Oklahoma State starting receiver Jalen McCleskey decided to transfer Monday. Coach Mike Gundy figured reporters would ask players about it after practice Tuesday, and so he used his media relations director to communicate a threat before interviews began: If anyone brought up McCleskey with players, Gundy would ban player interviews for the rest of the season.
This is a textbook case of making a bad situation worse. Now everyone isn’t just talking about McCleskey’s shocking departure, but Gundy’s heavy-handed reaction to it.
But it is also a blatant violation of two basic principles of big-time coaching.
1. Trust your players, and
2. Never go out of your way to threaten the media, especially when you’re in the spot Gundy found himself before the threat.

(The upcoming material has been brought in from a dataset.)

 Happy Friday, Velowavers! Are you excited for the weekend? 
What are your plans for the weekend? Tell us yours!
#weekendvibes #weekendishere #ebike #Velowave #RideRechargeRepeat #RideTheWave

The Cowboys tripped all over themselves Saturday in a 41-17 loss to Texas Tech. It was a bad night for the players, and a worse one for the coaches. Gundy admitted as much.
Then McCleskey decided to transfer, and now you had reporters wondering if there were problems beneath the obvious from Saturday’s disastrous game. And Gundy’s response to this was to threaten those reporters’ access to players?

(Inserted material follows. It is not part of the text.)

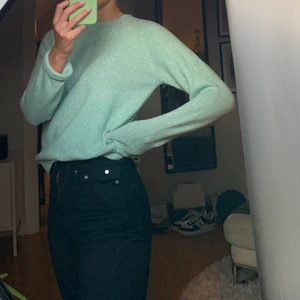 Mintgrön stickad tröja - Jättefin tröja köpt på vero Moda för cirka 1 år sedan, använd några gånger men i fint skick. Lång i armarna och fin passform!💗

It was a childish maneuver at face value, something a coach who has just arrived from some Class 2A high school pulls because he doesn’t understand the responsibilities that come with Power 5 football, not to mention a $5 million contract.
But besides that, it couldn’t have been more poorly timed. It was an insecure gesture that feeds right into the notion that yes, there are problems beneath the obvious.
Now Gundy has given reporters context for that possibility, while creating a senseless rift in the process.
The most astute coaches realize their relationship with beat reporters, the ones at every news conference and interview setting, the ones at every game and on every trip, must be symbiotic.
They realize these reporters have a job to do, and that all it takes is basic cooperation to help them proceed.
They realize that if they do just that much, if they allow these reporters access to select players and assistant coaches without constraint, the reporters’ coverage will be fair to the coach and his program.
Occasionally, things like 41-17 happen. Occasionally, a player of McCleskey’s caliber leaves. But the most astute coaches realize this, too, is part of the job. And they’ll rely on the relationship they have built with reporters to trust those reporters will go about it professionally.
Being so unprofessional as to threaten access is to depreciate the relationship. It has the potential to leave a mark, which doesn’t do the coach or the reporters any good at all.
What Gundy should have done is trust his players.
He should have addressed McCleskey with them in the locker room before practice Tuesday (Monday was the players’ off day). If he felt the need to deliver a message, it should have been along the lines of: “You’re going to get asked about him. I request you talk about the players who are still with us. Give a ‘no comment’ and move on.” There. Easy. Over and out.
I promise Gundy has plenty of mature players who could have handled that suggestion. I’ve been around many of them. Several wouldn’t have even needed the prompt. They’ve been in front of microphones before. They know how this works.
Somehow their head coach does not. Or did not.
That’s to the detriment of a program that was already in a rough spot.